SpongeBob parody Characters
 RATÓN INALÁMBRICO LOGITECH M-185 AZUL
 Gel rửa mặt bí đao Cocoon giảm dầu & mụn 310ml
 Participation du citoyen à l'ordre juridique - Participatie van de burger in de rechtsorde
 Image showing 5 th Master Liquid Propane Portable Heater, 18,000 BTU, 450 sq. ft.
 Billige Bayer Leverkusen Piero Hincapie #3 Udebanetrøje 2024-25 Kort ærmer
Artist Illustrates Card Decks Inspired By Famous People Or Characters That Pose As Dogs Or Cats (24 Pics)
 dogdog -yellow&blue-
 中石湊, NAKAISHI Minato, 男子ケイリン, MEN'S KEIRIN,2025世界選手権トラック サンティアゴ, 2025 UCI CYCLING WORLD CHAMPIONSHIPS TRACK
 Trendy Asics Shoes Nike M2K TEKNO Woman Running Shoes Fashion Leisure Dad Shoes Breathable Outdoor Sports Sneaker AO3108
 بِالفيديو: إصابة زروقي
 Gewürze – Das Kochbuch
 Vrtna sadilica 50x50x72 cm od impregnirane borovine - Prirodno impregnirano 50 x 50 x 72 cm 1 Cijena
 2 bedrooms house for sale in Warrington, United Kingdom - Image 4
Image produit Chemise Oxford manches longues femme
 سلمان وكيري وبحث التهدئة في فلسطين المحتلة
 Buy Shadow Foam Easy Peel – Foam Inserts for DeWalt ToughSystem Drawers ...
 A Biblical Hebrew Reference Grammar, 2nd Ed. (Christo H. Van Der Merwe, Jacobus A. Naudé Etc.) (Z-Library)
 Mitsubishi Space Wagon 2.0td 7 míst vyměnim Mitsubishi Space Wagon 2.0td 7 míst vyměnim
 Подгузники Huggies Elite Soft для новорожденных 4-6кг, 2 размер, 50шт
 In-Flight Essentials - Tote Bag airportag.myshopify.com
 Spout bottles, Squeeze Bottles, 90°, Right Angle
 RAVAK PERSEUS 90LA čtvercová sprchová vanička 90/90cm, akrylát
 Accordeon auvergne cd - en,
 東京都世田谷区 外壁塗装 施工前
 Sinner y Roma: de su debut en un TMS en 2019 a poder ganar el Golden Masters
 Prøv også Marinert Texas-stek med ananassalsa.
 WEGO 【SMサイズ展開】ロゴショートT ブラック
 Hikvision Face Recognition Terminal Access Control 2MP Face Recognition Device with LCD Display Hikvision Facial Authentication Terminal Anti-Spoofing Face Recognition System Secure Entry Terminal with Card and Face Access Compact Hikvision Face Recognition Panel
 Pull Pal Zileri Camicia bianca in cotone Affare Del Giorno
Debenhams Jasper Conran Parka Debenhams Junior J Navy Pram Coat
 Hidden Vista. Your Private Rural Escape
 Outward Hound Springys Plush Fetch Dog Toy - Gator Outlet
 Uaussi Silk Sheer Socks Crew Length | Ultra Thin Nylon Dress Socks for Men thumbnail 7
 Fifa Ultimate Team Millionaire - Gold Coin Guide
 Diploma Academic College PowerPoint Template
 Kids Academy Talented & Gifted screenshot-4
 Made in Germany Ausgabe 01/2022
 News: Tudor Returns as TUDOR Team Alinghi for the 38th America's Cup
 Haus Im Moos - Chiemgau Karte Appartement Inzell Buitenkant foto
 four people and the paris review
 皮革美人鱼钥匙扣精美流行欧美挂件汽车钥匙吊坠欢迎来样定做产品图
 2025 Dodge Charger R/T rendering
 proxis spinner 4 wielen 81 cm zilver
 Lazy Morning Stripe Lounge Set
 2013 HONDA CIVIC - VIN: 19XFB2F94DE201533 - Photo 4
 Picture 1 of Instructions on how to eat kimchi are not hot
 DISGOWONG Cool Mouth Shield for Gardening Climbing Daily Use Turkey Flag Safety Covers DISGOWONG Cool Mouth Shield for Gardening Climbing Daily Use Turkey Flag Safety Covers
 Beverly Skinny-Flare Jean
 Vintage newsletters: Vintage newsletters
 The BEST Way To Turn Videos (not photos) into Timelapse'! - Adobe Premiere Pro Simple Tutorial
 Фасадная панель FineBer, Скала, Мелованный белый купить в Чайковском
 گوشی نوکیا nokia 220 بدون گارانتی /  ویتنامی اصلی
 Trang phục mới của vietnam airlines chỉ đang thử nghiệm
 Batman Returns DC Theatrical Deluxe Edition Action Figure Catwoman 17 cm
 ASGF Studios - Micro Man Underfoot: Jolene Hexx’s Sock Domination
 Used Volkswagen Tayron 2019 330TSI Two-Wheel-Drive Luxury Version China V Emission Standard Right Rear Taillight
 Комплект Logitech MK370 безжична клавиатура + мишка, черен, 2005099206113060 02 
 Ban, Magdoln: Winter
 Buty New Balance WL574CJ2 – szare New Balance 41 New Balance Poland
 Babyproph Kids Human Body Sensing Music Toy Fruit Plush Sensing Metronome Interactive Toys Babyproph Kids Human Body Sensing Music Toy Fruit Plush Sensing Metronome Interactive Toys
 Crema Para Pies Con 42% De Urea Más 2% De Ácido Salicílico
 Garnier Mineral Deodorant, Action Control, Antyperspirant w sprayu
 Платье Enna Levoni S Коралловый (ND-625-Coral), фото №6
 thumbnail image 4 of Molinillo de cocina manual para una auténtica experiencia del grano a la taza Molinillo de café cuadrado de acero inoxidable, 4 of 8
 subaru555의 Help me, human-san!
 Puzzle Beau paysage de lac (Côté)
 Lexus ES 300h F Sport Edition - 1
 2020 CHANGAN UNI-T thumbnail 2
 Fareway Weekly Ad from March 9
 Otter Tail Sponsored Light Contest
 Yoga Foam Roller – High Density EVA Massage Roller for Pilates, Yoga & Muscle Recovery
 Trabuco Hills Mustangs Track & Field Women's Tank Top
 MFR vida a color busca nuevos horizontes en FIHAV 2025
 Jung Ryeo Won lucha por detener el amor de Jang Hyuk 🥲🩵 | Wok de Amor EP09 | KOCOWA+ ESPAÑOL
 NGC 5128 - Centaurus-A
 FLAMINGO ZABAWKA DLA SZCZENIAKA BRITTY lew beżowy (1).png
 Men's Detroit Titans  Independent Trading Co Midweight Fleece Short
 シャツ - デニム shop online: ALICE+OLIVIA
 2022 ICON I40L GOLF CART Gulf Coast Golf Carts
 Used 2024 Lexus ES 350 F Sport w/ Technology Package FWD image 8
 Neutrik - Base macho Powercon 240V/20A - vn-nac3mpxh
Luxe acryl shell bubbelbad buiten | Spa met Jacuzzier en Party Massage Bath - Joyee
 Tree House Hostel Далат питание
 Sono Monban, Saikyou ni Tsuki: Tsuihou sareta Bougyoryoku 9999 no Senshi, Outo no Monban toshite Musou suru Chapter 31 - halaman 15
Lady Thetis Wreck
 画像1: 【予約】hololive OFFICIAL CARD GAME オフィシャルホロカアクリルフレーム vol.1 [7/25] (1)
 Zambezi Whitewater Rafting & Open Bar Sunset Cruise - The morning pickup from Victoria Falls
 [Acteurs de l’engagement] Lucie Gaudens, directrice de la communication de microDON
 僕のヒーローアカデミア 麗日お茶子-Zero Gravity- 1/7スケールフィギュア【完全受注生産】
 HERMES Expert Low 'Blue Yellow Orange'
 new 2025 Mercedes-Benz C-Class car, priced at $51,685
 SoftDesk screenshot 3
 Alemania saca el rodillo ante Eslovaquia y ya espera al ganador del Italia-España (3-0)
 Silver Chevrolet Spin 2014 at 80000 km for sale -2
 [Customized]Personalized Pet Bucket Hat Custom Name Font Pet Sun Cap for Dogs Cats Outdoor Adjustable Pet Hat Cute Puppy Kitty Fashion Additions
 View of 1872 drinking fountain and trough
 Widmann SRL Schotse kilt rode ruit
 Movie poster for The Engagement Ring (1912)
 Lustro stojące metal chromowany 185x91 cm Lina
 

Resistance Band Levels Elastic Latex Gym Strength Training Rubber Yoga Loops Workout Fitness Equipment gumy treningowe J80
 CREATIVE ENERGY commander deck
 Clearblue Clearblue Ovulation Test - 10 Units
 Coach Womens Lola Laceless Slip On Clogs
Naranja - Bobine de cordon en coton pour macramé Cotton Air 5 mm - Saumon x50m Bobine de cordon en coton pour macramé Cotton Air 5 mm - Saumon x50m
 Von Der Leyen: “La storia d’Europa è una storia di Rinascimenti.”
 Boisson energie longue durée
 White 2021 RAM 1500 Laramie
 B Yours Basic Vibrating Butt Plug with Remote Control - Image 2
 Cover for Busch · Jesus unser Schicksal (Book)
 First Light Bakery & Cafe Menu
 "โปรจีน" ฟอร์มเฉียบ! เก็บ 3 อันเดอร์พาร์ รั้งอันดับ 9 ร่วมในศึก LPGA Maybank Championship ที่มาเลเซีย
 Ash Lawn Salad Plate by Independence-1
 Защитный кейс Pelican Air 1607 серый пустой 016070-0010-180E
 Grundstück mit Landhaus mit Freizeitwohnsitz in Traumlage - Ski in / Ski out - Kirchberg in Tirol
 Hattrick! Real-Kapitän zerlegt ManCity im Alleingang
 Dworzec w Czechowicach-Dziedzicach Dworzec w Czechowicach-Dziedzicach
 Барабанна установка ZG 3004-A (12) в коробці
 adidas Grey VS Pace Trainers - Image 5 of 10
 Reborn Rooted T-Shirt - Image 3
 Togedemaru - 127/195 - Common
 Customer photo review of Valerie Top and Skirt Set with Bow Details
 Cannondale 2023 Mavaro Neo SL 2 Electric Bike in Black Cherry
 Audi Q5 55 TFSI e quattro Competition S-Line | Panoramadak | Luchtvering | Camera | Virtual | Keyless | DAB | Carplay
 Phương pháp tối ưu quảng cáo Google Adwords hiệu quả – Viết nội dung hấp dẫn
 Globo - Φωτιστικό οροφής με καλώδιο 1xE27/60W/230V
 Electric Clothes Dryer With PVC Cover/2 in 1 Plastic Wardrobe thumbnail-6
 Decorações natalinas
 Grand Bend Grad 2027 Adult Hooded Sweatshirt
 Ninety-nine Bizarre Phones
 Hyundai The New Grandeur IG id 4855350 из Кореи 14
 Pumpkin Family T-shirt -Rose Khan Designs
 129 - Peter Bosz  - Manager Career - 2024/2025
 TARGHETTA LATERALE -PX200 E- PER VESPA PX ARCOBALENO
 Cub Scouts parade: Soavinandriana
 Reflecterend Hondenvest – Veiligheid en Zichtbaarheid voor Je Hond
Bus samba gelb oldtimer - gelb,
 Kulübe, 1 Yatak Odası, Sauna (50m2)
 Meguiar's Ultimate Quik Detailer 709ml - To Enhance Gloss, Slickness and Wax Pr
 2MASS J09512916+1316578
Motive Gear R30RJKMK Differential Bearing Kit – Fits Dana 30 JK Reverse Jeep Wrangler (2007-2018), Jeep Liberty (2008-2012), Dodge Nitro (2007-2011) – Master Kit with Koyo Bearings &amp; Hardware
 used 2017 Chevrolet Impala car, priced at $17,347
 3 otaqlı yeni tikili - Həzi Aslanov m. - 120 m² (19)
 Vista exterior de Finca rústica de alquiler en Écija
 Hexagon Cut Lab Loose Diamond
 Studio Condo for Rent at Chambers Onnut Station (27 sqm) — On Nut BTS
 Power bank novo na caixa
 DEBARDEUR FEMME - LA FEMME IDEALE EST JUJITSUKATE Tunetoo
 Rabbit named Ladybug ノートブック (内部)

.....

> Exercise
All that belongs in the answer is the run of lines above from the line containing "[Acteurs de l’engagement]" through the line containing "SoftDesk screenshot 3", exactly as written.

> Task response
 [Acteurs de l’engagement] Lucie Gaudens, directrice de la communication de microDON
 僕のヒーローアカデミア 麗日お茶子-Zero Gravity- 1/7スケールフィギュア【完全受注生産】
 HERMES Expert Low 'Blue Yellow Orange'
 new 2025 Mercedes-Benz C-Class car, priced at $51,685
 SoftDesk screenshot 3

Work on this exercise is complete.